→ **Your objective**
Retyping the data exactly is the task. Include every line.

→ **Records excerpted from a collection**
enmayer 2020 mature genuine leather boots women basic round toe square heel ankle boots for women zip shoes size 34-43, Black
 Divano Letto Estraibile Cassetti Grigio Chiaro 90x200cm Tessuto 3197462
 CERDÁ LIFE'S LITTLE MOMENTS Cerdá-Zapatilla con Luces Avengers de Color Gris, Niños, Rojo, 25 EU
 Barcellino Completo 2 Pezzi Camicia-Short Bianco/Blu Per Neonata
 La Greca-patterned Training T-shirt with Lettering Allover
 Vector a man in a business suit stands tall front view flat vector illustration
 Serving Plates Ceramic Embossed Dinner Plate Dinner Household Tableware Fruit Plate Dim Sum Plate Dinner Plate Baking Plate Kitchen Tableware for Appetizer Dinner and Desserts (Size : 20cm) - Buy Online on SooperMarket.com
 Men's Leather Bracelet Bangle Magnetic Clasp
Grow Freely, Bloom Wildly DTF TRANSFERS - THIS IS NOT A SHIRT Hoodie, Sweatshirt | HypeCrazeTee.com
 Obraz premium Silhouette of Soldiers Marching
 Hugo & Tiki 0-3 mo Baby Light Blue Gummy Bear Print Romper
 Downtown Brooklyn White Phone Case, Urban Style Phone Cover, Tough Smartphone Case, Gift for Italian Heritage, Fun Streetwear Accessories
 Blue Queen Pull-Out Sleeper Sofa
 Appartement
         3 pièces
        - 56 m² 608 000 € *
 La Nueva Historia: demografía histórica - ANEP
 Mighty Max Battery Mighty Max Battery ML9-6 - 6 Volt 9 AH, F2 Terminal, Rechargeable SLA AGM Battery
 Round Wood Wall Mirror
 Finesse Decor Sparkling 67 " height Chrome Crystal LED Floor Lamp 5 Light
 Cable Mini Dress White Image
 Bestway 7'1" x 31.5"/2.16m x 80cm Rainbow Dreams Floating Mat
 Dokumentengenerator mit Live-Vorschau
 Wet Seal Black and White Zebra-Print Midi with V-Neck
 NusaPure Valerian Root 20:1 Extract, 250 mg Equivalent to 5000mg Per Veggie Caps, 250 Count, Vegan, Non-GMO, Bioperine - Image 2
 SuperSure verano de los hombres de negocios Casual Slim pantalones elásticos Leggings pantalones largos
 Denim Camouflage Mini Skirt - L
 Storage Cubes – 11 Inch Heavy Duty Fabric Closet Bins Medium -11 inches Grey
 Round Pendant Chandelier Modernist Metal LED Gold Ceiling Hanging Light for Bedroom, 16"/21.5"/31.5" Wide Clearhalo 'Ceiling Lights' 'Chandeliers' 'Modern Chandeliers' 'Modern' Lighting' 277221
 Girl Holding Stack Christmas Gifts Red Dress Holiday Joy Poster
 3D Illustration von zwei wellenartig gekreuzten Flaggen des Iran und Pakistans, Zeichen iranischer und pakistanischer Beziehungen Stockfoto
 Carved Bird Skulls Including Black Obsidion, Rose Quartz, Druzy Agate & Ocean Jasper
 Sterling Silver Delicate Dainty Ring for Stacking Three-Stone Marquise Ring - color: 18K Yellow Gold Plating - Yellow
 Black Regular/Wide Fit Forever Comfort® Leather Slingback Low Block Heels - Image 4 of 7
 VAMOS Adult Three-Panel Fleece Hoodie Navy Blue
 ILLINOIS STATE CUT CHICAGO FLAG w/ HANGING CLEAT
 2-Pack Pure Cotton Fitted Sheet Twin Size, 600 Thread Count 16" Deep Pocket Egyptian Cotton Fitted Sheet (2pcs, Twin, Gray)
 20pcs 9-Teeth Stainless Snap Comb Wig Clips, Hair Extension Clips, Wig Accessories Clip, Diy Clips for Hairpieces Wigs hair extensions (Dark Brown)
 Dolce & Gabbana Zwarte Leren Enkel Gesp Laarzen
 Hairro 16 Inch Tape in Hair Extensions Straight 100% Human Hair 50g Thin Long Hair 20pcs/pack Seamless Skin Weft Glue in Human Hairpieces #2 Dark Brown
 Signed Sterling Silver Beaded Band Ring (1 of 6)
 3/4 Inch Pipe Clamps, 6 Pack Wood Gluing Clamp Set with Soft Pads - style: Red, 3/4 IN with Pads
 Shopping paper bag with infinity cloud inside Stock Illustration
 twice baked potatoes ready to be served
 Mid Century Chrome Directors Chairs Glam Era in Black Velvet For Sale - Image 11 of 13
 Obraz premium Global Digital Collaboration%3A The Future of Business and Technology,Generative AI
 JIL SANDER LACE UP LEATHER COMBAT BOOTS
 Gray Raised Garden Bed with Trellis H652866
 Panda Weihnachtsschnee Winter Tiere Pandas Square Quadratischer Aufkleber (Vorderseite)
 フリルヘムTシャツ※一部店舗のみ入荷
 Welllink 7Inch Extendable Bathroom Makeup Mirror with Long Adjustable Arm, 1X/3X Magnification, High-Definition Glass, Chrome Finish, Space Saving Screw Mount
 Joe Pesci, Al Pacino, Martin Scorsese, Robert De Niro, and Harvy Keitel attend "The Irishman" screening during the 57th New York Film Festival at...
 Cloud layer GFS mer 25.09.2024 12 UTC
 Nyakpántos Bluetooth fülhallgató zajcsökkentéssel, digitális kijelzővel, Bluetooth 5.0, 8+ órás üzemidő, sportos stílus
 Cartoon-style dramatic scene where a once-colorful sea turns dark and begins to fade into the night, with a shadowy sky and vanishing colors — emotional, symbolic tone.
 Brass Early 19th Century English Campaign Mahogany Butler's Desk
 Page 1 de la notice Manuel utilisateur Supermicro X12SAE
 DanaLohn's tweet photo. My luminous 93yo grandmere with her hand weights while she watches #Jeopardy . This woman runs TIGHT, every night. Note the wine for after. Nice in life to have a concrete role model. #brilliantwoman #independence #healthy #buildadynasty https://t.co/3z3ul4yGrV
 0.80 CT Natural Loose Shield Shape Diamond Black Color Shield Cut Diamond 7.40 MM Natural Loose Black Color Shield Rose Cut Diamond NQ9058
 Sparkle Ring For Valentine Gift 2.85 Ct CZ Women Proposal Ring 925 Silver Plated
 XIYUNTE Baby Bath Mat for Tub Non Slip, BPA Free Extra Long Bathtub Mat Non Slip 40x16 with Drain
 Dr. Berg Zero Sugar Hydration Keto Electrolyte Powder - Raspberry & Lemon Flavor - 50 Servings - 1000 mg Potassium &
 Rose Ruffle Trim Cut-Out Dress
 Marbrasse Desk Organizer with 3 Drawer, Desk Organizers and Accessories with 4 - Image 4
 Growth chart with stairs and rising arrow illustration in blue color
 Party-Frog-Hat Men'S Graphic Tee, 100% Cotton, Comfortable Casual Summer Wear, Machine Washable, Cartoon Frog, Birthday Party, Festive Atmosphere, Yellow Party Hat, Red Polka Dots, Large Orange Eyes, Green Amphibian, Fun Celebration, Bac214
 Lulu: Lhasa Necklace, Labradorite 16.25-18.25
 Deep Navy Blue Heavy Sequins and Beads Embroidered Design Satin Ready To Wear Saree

→ **Your response**
enmayer 2020 mature genuine leather boots women basic round toe square heel ankle boots for women zip shoes size 34-43, Black
 Divano Letto Estraibile Cassetti Grigio Chiaro 90x200cm Tessuto 3197462
 CERDÁ LIFE'S LITTLE MOMENTS Cerdá-Zapatilla con Luces Avengers de Color Gris, Niños, Rojo, 25 EU
 Barcellino Completo 2 Pezzi Camicia-Short Bianco/Blu Per Neonata
 La Greca-patterned Training T-shirt with Lettering Allover
 Vector a man in a business suit stands tall front view flat vector illustration
 Serving Plates Ceramic Embossed Dinner Plate Dinner Household Tableware Fruit Plate Dim Sum Plate Dinner Plate Baking Plate Kitchen Tableware for Appetizer Dinner and Desserts (Size : 20cm) - Buy Online on SooperMarket.com
 Men's Leather Bracelet Bangle Magnetic Clasp
Grow Freely, Bloom Wildly DTF TRANSFERS - THIS IS NOT A SHIRT Hoodie, Sweatshirt | HypeCrazeTee.com
 Obraz premium Silhouette of Soldiers Marching
 Hugo & Tiki 0-3 mo Baby Light Blue Gummy Bear Print Romper
 Downtown Brooklyn White Phone Case, Urban Style Phone Cover, Tough Smartphone Case, Gift for Italian Heritage, Fun Streetwear Accessories
 Blue Queen Pull-Out Sleeper Sofa
 Appartement
         3 pièces
        - 56 m² 608 000 € *
 La Nueva Historia: demografía histórica - ANEP
 Mighty Max Battery Mighty Max Battery ML9-6 - 6 Volt 9 AH, F2 Terminal, Rechargeable SLA AGM Battery
 Round Wood Wall Mirror
 Finesse Decor Sparkling 67 " height Chrome Crystal LED Floor Lamp 5 Light
 Cable Mini Dress White Image
 Bestway 7'1" x 31.5"/2.16m x 80cm Rainbow Dreams Floating Mat
 Dokumentengenerator mit Live-Vorschau
 Wet Seal Black and White Zebra-Print Midi with V-Neck
 NusaPure Valerian Root 20:1 Extract, 250 mg Equivalent to 5000mg Per Veggie Caps, 250 Count, Vegan, Non-GMO, Bioperine - Image 2
 SuperSure verano de los hombres de negocios Casual Slim pantalones elásticos Leggings pantalones largos
 Denim Camouflage Mini Skirt - L
 Storage Cubes – 11 Inch Heavy Duty Fabric Closet Bins Medium -11 inches Grey
 Round Pendant Chandelier Modernist Metal LED Gold Ceiling Hanging Light for Bedroom, 16"/21.5"/31.5" Wide Clearhalo 'Ceiling Lights' 'Chandeliers' 'Modern Chandeliers' 'Modern' Lighting' 277221
 Girl Holding Stack Christmas Gifts Red Dress Holiday Joy Poster
 3D Illustration von zwei wellenartig gekreuzten Flaggen des Iran und Pakistans, Zeichen iranischer und pakistanischer Beziehungen Stockfoto
 Carved Bird Skulls Including Black Obsidion, Rose Quartz, Druzy Agate & Ocean Jasper
 Sterling Silver Delicate Dainty Ring for Stacking Three-Stone Marquise Ring - color: 18K Yellow Gold Plating - Yellow
 Black Regular/Wide Fit Forever Comfort® Leather Slingback Low Block Heels - Image 4 of 7
 VAMOS Adult Three-Panel Fleece Hoodie Navy Blue
 ILLINOIS STATE CUT CHICAGO FLAG w/ HANGING CLEAT
 2-Pack Pure Cotton Fitted Sheet Twin Size, 600 Thread Count 16" Deep Pocket Egyptian Cotton Fitted Sheet (2pcs, Twin, Gray)
 20pcs 9-Teeth Stainless Snap Comb Wig Clips, Hair Extension Clips, Wig Accessories Clip, Diy Clips for Hairpieces Wigs hair extensions (Dark Brown)
 Dolce & Gabbana Zwarte Leren Enkel Gesp Laarzen
 Hairro 16 Inch Tape in Hair Extensions Straight 100% Human Hair 50g Thin Long Hair 20pcs/pack Seamless Skin Weft Glue in Human Hairpieces #2 Dark Brown
 Signed Sterling Silver Beaded Band Ring (1 of 6)
 3/4 Inch Pipe Clamps, 6 Pack Wood Gluing Clamp Set with Soft Pads - style: Red, 3/4 IN with Pads
 Shopping paper bag with infinity cloud inside Stock Illustration
 twice baked potatoes ready to be served
 Mid Century Chrome Directors Chairs Glam Era in Black Velvet For Sale - Image 11 of 13
 Obraz premium Global Digital Collaboration%3A The Future of Business and Technology,Generative AI
 JIL SANDER LACE UP LEATHER COMBAT BOOTS
 Gray Raised Garden Bed with Trellis H652866
 Panda Weihnachtsschnee Winter Tiere Pandas Square Quadratischer Aufkleber (Vorderseite)
 フリルヘムTシャツ※一部店舗のみ入荷
 Welllink 7Inch Extendable Bathroom Makeup Mirror with Long Adjustable Arm, 1X/3X Magnification, High-Definition Glass, Chrome Finish, Space Saving Screw Mount
 Joe Pesci, Al Pacino, Martin Scorsese, Robert De Niro, and Harvy Keitel attend "The Irishman" screening during the 57th New York Film Festival at...
 Cloud layer GFS mer 25.09.2024 12 UTC
 Nyakpántos Bluetooth fülhallgató zajcsökkentéssel, digitális kijelzővel, Bluetooth 5.0, 8+ órás üzemidő, sportos stílus
 Cartoon-style dramatic scene where a once-colorful sea turns dark and begins to fade into the night, with a shadowy sky and vanishing colors — emotional, symbolic tone.
 Brass Early 19th Century English Campaign Mahogany Butler's Desk
 Page 1 de la notice Manuel utilisateur Supermicro X12SAE
 DanaLohn's tweet photo. My luminous 93yo grandmere with her hand weights while she watches #Jeopardy . This woman runs TIGHT, every night. Note the wine for after. Nice in life to have a concrete role model. #brilliantwoman #independence #healthy #buildadynasty https://t.co/3z3ul4yGrV
 0.80 CT Natural Loose Shield Shape Diamond Black Color Shield Cut Diamond 7.40 MM Natural Loose Black Color Shield Rose Cut Diamond NQ9058
 Sparkle Ring For Valentine Gift 2.85 Ct CZ Women Proposal Ring 925 Silver Plated
 XIYUNTE Baby Bath Mat for Tub Non Slip, BPA Free Extra Long Bathtub Mat Non Slip 40x16 with Drain
 Dr. Berg Zero Sugar Hydration Keto Electrolyte Powder - Raspberry & Lemon Flavor - 50 Servings - 1000 mg Potassium &
 Rose Ruffle Trim Cut-Out Dress
 Marbrasse Desk Organizer with 3 Drawer, Desk Organizers and Accessories with 4 - Image 4
 Growth chart with stairs and rising arrow illustration in blue color
 Party-Frog-Hat Men'S Graphic Tee, 100% Cotton, Comfortable Casual Summer Wear, Machine Washable, Cartoon Frog, Birthday Party, Festive Atmosphere, Yellow Party Hat, Red Polka Dots, Large Orange Eyes, Green Amphibian, Fun Celebration, Bac214
 Lulu: Lhasa Necklace, Labradorite 16.25-18.25
 Deep Navy Blue Heavy Sequins and Beads Embroidered Design Satin Ready To Wear Saree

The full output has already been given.